## TASK DETAILS:
What is needed is an exact copy of the lines in the entries below from the one holding "an archway leading" through the one holding "Young woman walking with her daughter on the grass View", pictures excluded.

[[ DATASET CONTENT open ]]

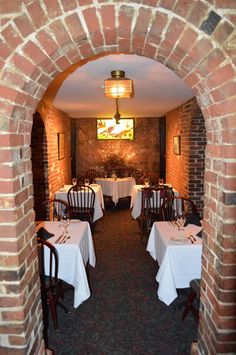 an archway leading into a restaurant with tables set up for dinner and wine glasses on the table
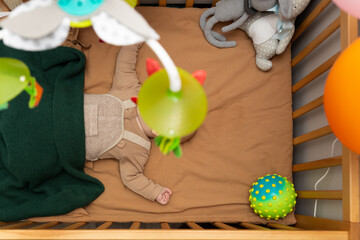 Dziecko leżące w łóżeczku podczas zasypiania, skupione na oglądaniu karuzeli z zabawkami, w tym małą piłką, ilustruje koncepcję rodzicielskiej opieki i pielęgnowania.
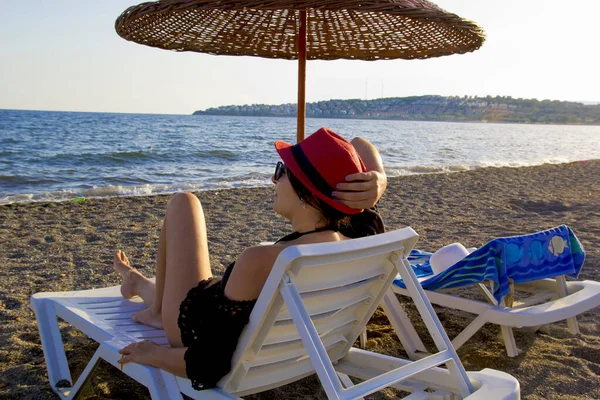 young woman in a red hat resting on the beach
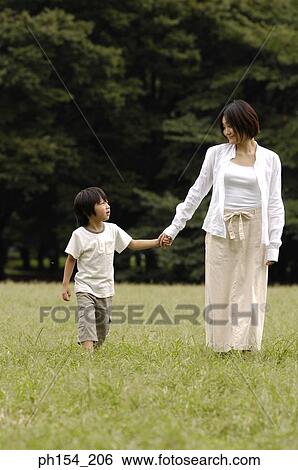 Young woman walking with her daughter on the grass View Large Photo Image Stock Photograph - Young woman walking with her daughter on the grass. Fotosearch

[[ DATASET CONTENT closed ]]
[[ DATASET CONTENT open ]]

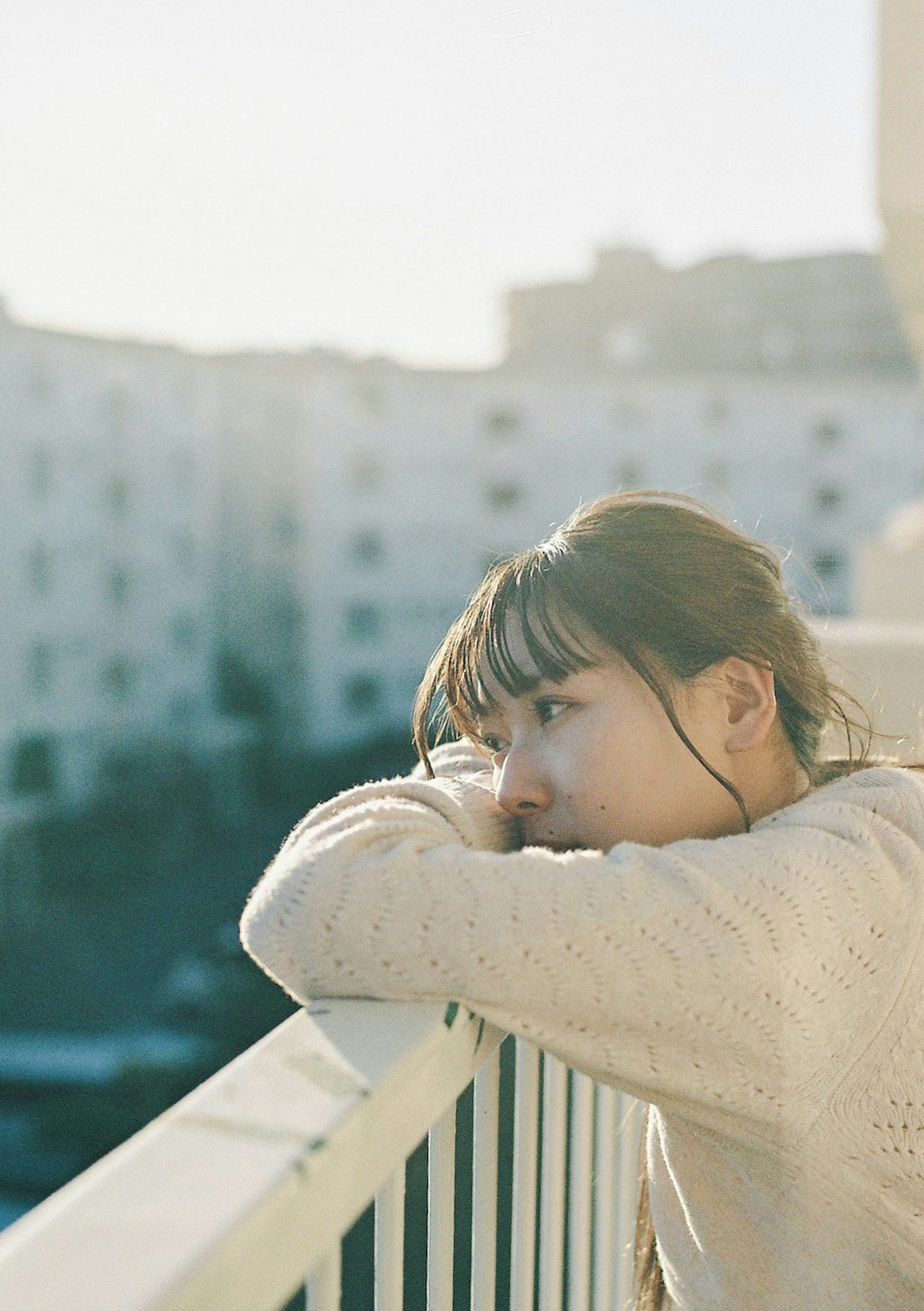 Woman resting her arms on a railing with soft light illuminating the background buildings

[[ DATASET CONTENT closed ]]

## TASK OUTPUT:
 an archway leading into a restaurant with tables set up for dinner and wine glasses on the table
 Dziecko leżące w łóżeczku podczas zasypiania, skupione na oglądaniu karuzeli z zabawkami, w tym małą piłką, ilustruje koncepcję rodzicielskiej opieki i pielęgnowania.
 young woman in a red hat resting on the beach
 Young woman walking with her daughter on the grass View Large Photo Image Stock Photograph - Young woman walking with her daughter on the grass. Fotosearch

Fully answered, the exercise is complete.